- [Dataset records]:
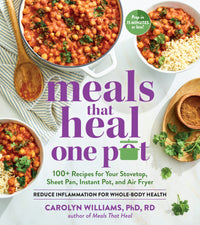 Meals That Heal – One Pot: Promote Whole-Body Health with 100+ Anti-Inflammatory Recipes for Your Stovetop, Sheet Pan, Instant Pot, and Air Fryer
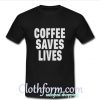 Coffee Saves Lives T-shirt At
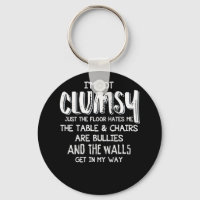 I'm Not Clumsy Funny Sayings Sarcastic Gifts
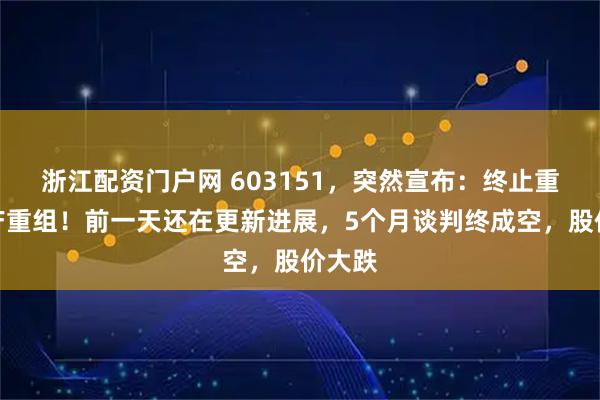 浙江配资门户网 603151，突然宣布：终止重大资产重组！前一天还在更新进展，5个月谈判终成空，股价大跌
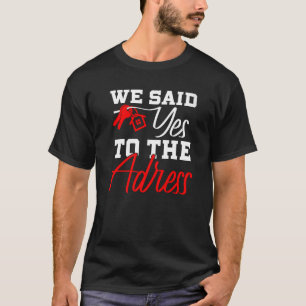 新しい住宅所有者ファーストホームバイヤー我々はYesに Tシャツ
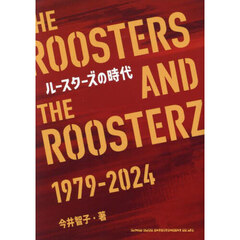 ルースターズの時代　ＴＨＥ　ＲＯＯＳＴＥＲＳ　ＡＮＤ　ＴＨＥ　ＲＯＯＳＴＥＲＺ　１９７９－２０２４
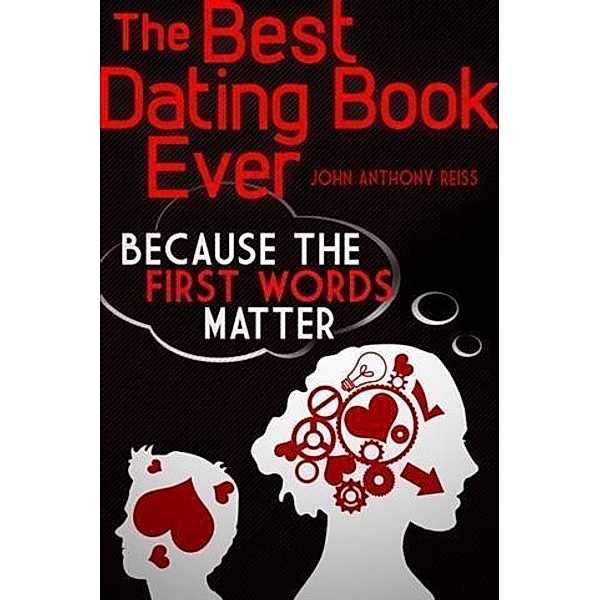 Best Dating Book Ever, John Anthony Reiss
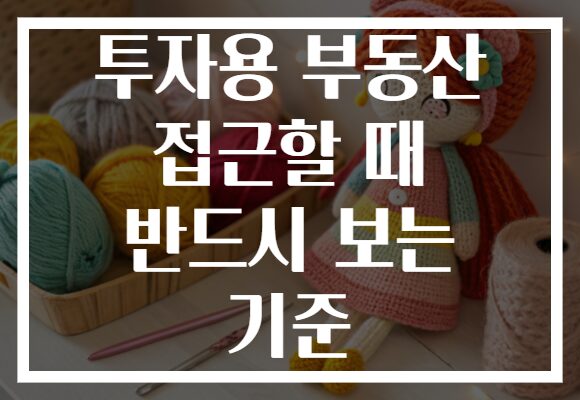 투자용 부동산 접근할 때 반드시 보는 기준
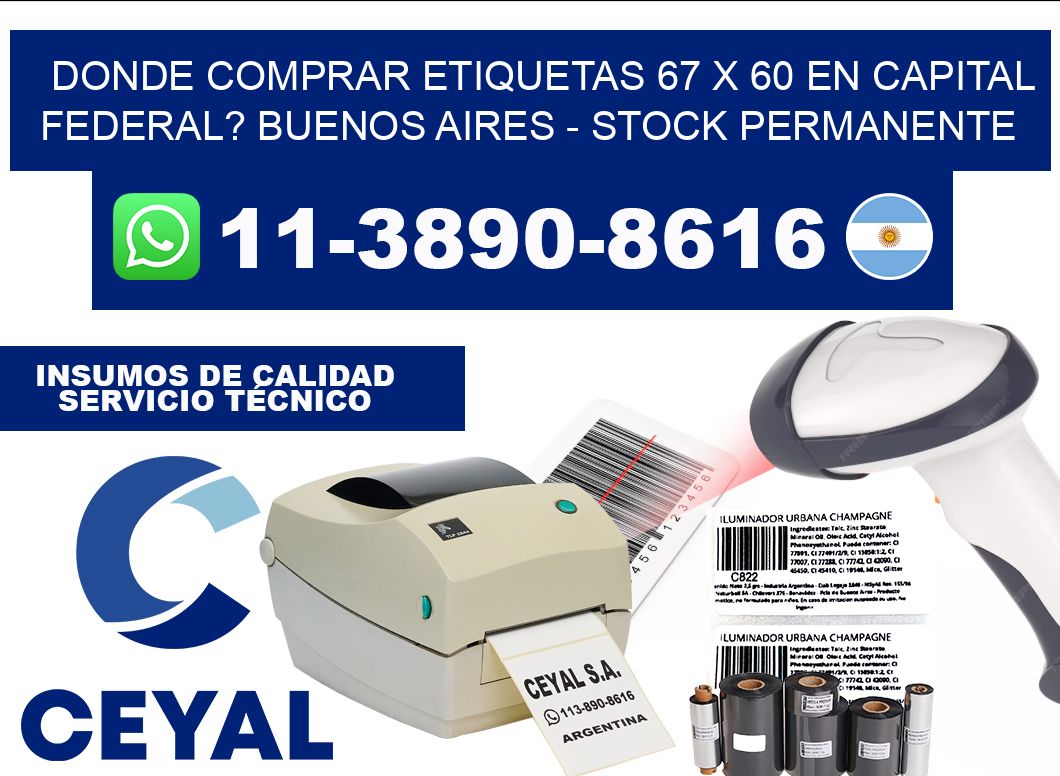 Donde Comprar etiquetas 67 x 60 en CAPITAL FEDERAL? Buenos Aires - Stock permanente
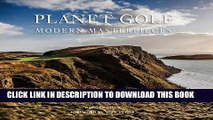 [New] Ebook Planet Golf Modern Masterpieces: The Worldâ€™s Greatest Modern Golf Courses Free Read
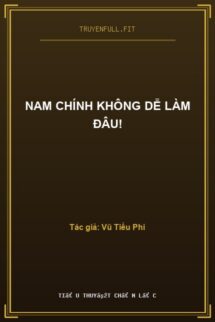 Nam Chính Không Dễ Làm Đâu!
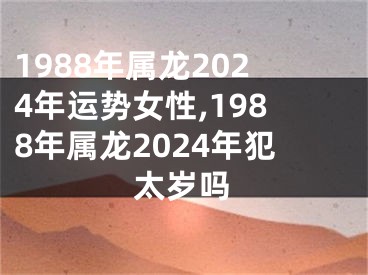 1988年属龙2024年运势女性,1988年属龙2024年犯太岁吗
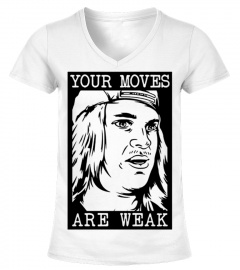 Your Moves Are Weak tshirt
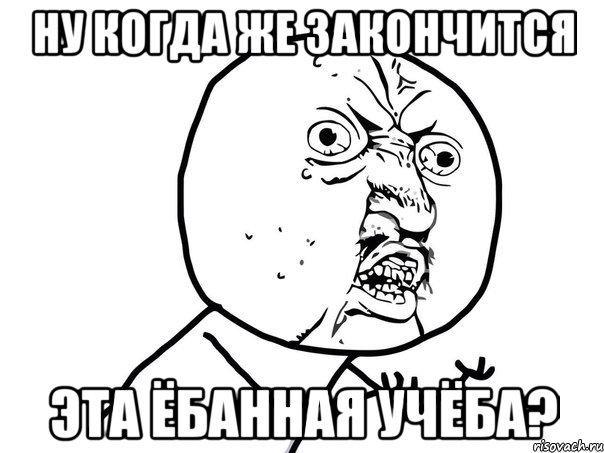 ну когда же закончится эта ёбанная учёба?, Мем Ну почему (белый фон)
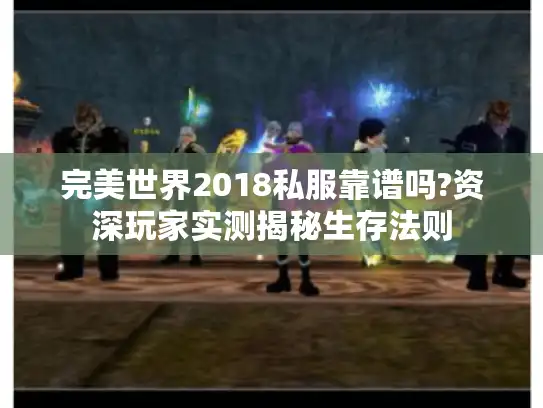 完美世界2018私服靠谱吗?资深玩家实测揭秘生存法则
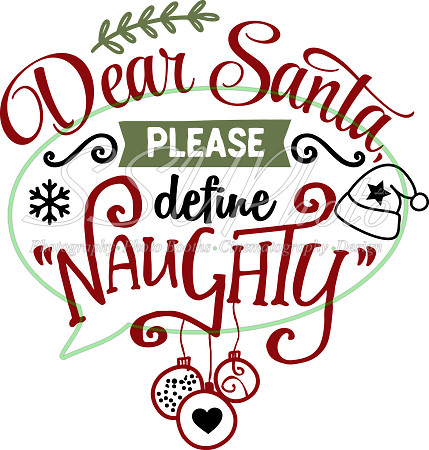 Dear Santa please define Naughty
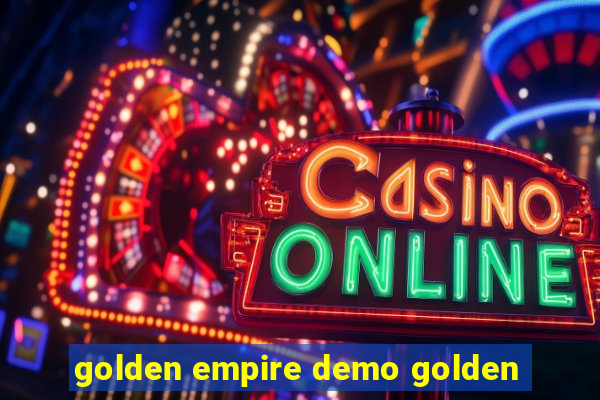 golden empire demo golden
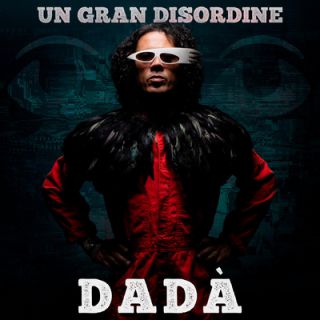Dadà - Un Gran Disordine (Radio Date: 01-07-2022)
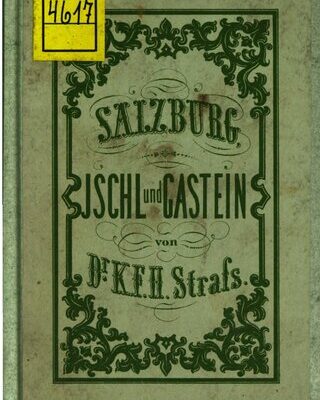 خرید و دانلود نسخه کامل کتاب Salzburg, Ischl und Gastein nebst deren Umgebungen. Ein Taschenbuch für alle, welche jene paradiesischen Gegenden kennen oder sich mit denselben bekannt zu machen wünschen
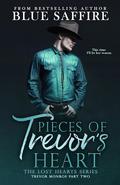 Pieces of Trevor's Heart : Trevor Monroe Part Two: Lost Hearts Series by Blue Saffire, Take Covers Designs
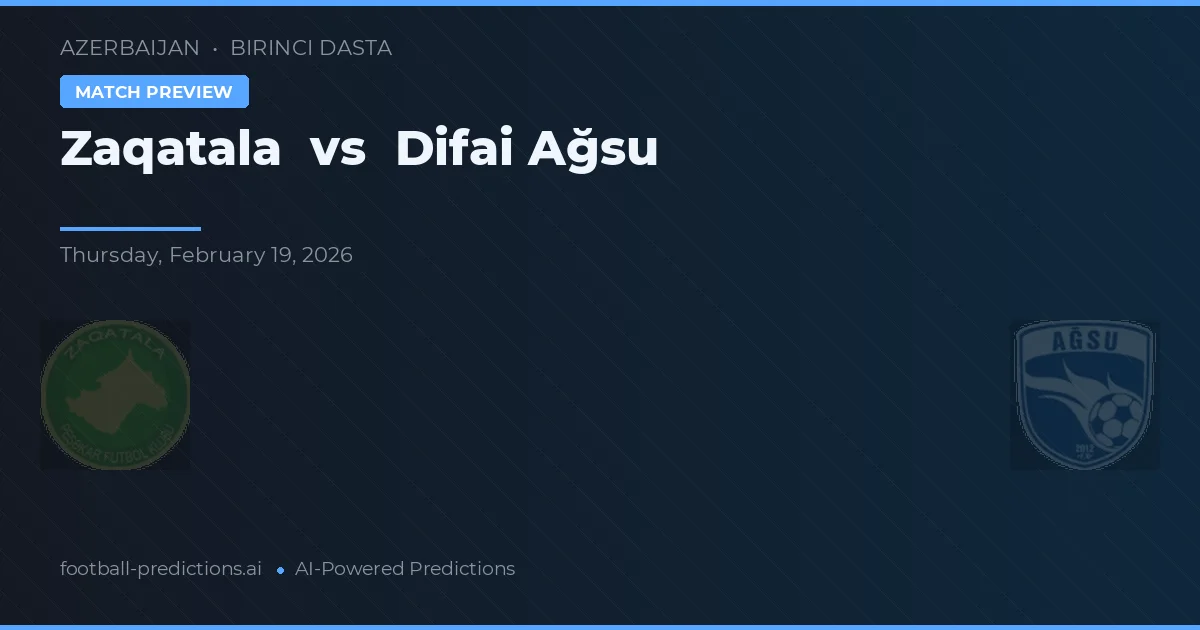 Zaqatala vs Difai Ağsu — pronóstico y previa del partido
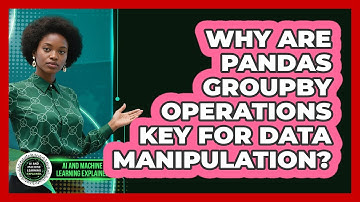 Why Are Pandas Groupby Operations Key For Data Manipulation? - AI and Machine Learning Explained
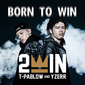 2WIN 『BORN TO WIN』 〈高校生RAP選手権〉チャンプの19歳双子コンビ、Zeebraプロデュースのデビュー作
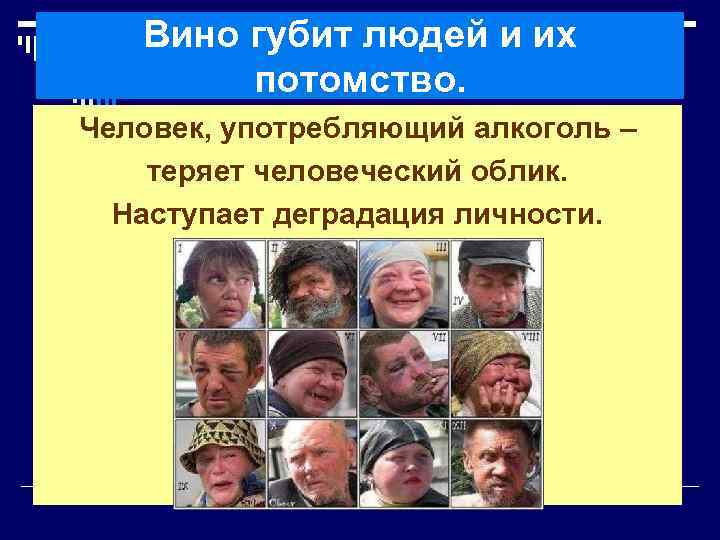 Вино губит людей и их потомство. Человек, употребляющий алкоголь – теряет человеческий облик. Наступает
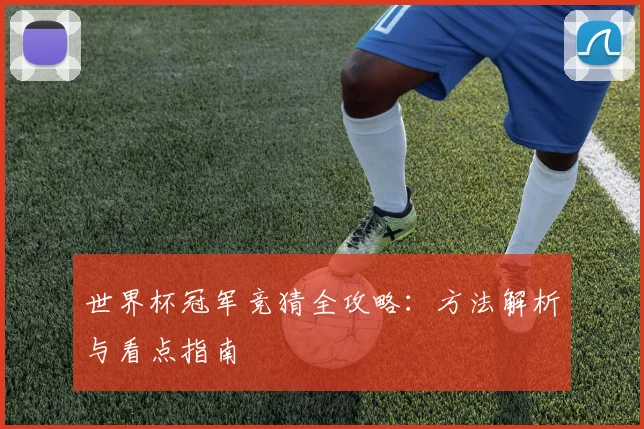 世界杯冠军竞猜全攻略：方法解析与看点指南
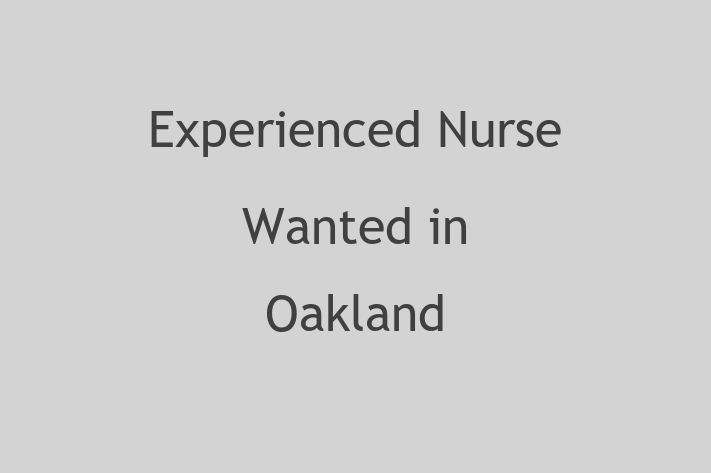 Experienced Nurse Wanted in Oakland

- [Problem description]:
Starting with the line that contains "I'm Not Clumsy Funny Sayings Sarcastic Gifts", print every remaining line of the records above, exactly as it stands. Do not print the pictures.

- [Reply to the exercise]:
 I'm Not Clumsy Funny Sayings Sarcastic Gifts
 浙江配资门户网 603151，突然宣布：终止重大资产重组！前一天还在更新进展，5个月谈判终成空，股价大跌
 新しい住宅所有者ファーストホームバイヤー我々はYesに Tシャツ
 ルースターズの時代　ＴＨＥ　ＲＯＯＳＴＥＲＳ　ＡＮＤ　ＴＨＥ　ＲＯＯＳＴＥＲＺ　１９７９－２０２４
 Best Dating Book Ever, John Anthony Reiss
 투자용 부동산 접근할 때 반드시 보는 기준
 Donde Comprar etiquetas 67 x 60 en CAPITAL FEDERAL? Buenos Aires - Stock permanente
 [New] Ebook Planet Golf Modern Masterpieces: The Worldâ€™s Greatest Modern Golf Courses Free Read
 Nam Chính Không Dễ Làm Đâu!
 1988年属龙2024年运势女性,1988年属龙2024年犯太岁吗
 Your Moves Are Weak tshirt
 ну когда же закончится эта ёбанная учёба?, Мем Ну почему (белый фон)
 完美世界2018私服靠谱吗?资深玩家实测揭秘生存法则
 Dear Santa please define Naughty
 golden empire demo golden
Dadà - Un Gran Disordine (Radio Date: 01-07-2022)
 خرید و دانلود نسخه کامل کتاب Salzburg, Ischl und Gastein nebst deren Umgebungen. Ein Taschenbuch für alle, welche jene paradiesischen Gegenden kennen oder sich mit denselben bekannt zu machen wünschen
 Pieces of Trevor's Heart : Trevor Monroe Part Two: Lost Hearts Series by Blue Saffire, Take Covers Designs
 Zaqatala vs Difai Ağsu — pronóstico y previa del partido
 Why Are Pandas Groupby Operations Key For Data Manipulation? - AI and Machine Learning Explained
 2WIN 『BORN TO WIN』 〈高校生RAP選手権〉チャンプの19歳双子コンビ、Zeebraプロデュースのデビュー作
 Вино губит людей и их потомство. Человек, употребляющий алкоголь – теряет человеческий облик. Наступает
 世界杯冠军竞猜全攻略：方法解析与看点指南
 Experienced Nurse Wanted in Oakland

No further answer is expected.